■ **Supplied records**
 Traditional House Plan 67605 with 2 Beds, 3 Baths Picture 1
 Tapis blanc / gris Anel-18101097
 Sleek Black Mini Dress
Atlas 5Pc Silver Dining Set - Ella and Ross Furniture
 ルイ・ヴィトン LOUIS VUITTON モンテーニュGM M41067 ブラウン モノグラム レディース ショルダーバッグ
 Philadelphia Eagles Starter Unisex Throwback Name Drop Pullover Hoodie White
--
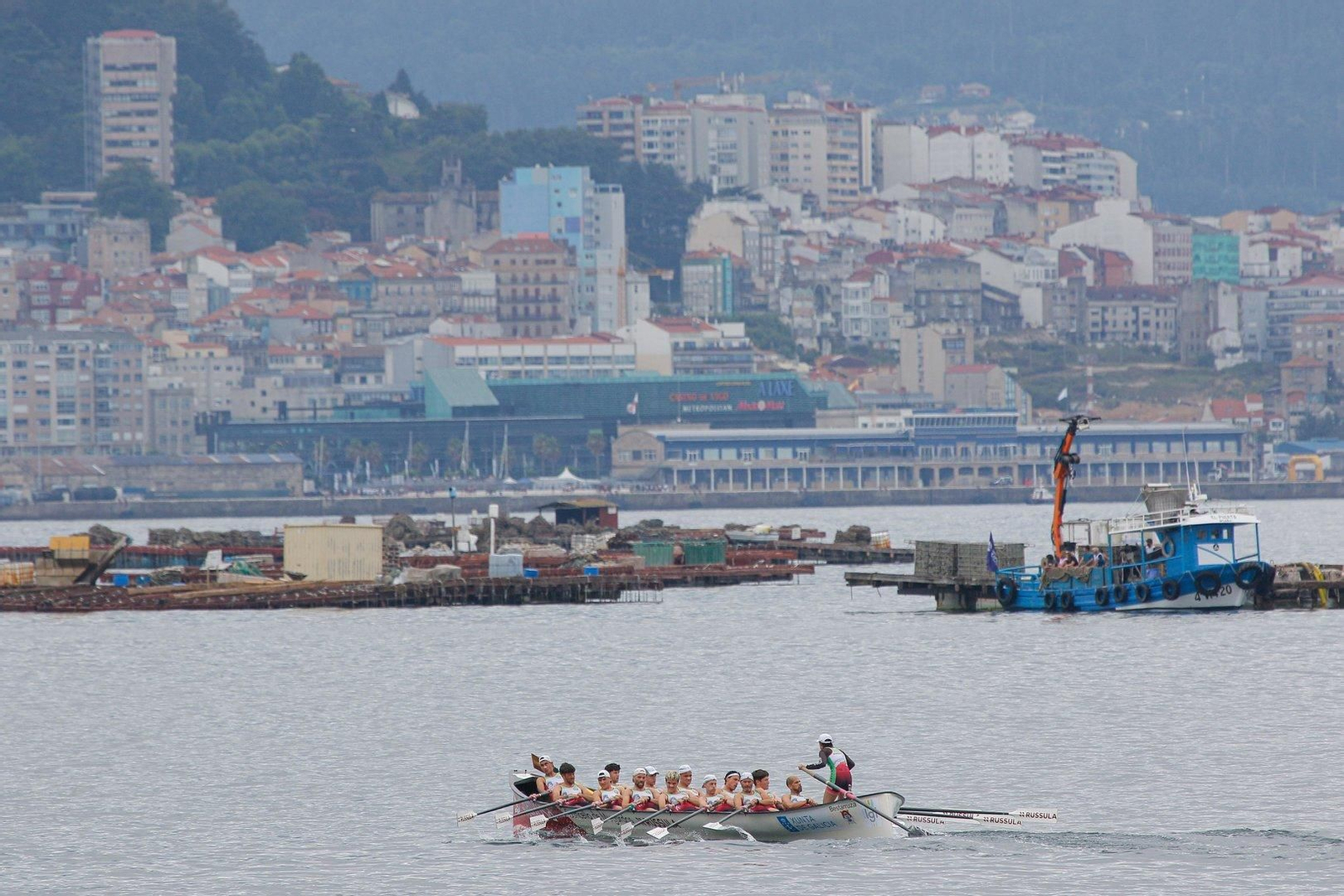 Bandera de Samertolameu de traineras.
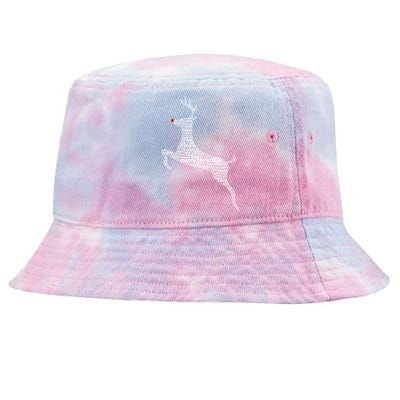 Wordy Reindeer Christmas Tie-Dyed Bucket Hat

■ **Prompt**
Within the data above, the span starting at the line containing "ルイ・ヴィトン LOUIS VUITTON" and ending at the line containing "Philadelphia Eagles Starter" is to be retyped exactly, with no other lines.

■ **Answer to this exercise**
 ルイ・ヴィトン LOUIS VUITTON モンテーニュGM M41067 ブラウン モノグラム レディース ショルダーバッグ
 Philadelphia Eagles Starter Unisex Throwback Name Drop Pullover Hoodie White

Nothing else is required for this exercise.